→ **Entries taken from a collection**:
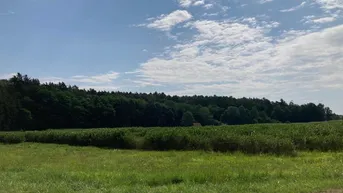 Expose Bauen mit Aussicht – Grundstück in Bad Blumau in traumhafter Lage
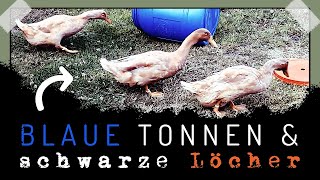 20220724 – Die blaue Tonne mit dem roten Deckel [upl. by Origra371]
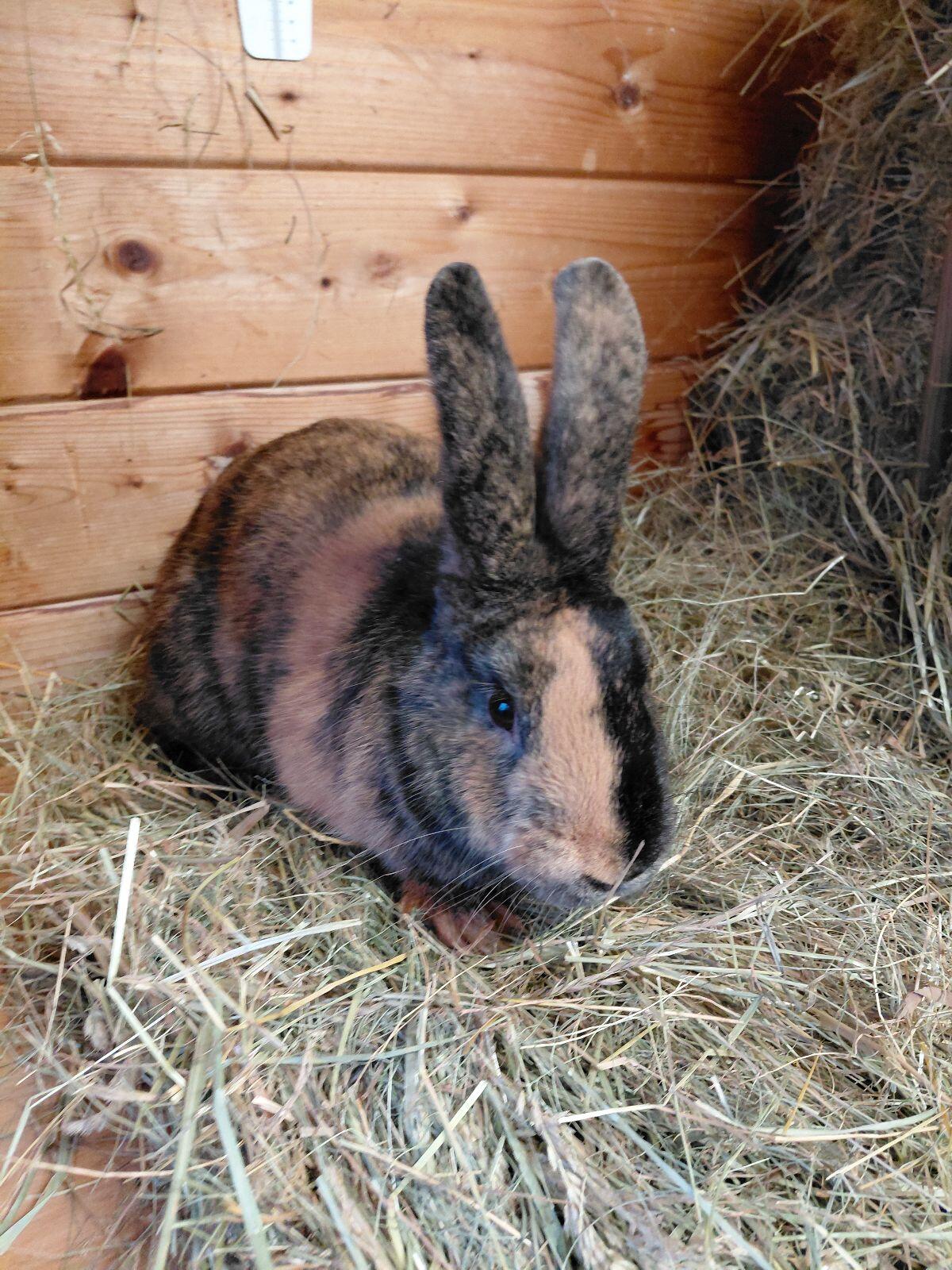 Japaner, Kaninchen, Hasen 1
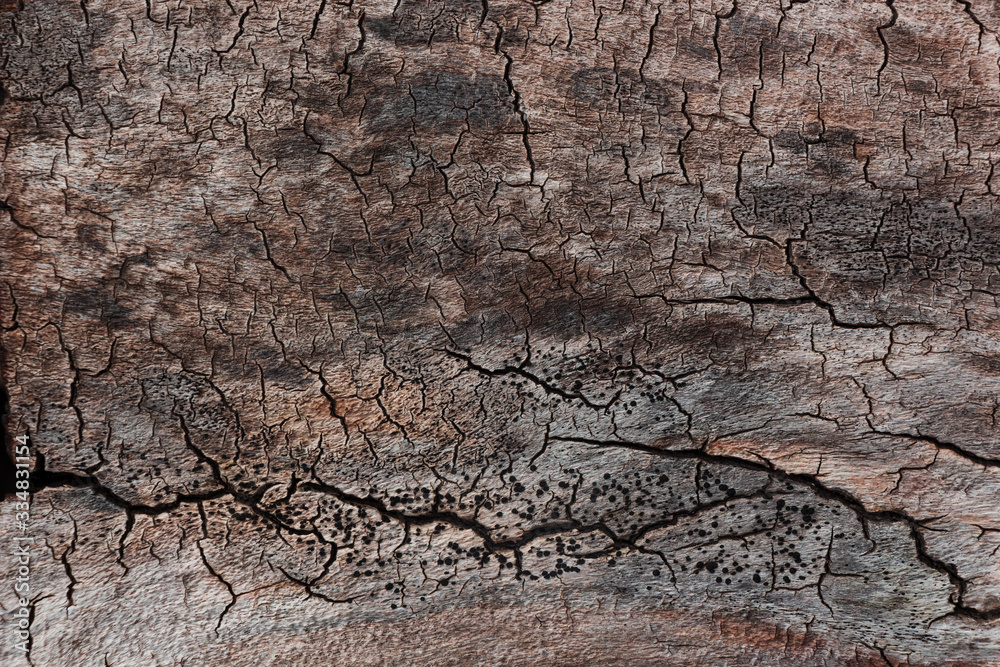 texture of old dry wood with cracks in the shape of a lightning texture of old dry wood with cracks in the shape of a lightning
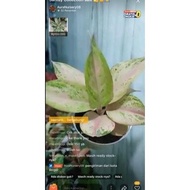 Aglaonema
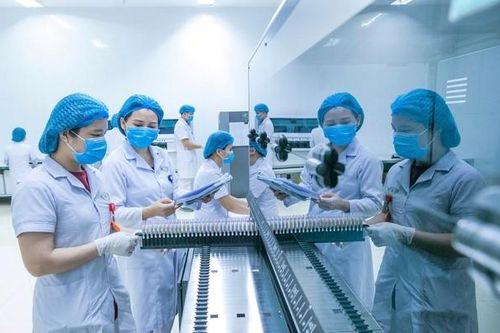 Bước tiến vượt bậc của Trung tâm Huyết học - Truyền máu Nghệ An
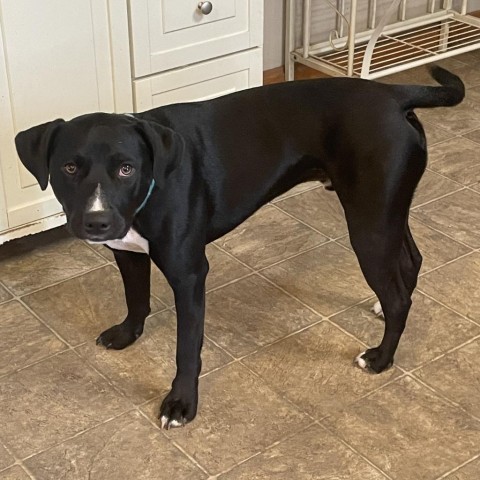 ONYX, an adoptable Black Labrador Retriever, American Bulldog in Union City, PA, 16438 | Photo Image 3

→ **AIM OF THE EXERCISE**: Give back the records above exactly. Pictures stay out.

→ **OUTPUT FOR THIS TASK**:
 Expose Bauen mit Aussicht – Grundstück in Bad Blumau in traumhafter Lage
 20220724 – Die blaue Tonne mit dem roten Deckel [upl. by Origra371]
 Japaner, Kaninchen, Hasen 1
 texture of old dry wood with cracks in the shape of a lightning texture of old dry wood with cracks in the shape of a lightning
 Aglaonema
 Bước tiến vượt bậc của Trung tâm Huyết học - Truyền máu Nghệ An
 ONYX, an adoptable Black Labrador Retriever, American Bulldog in Union City, PA, 16438 | Photo Image 3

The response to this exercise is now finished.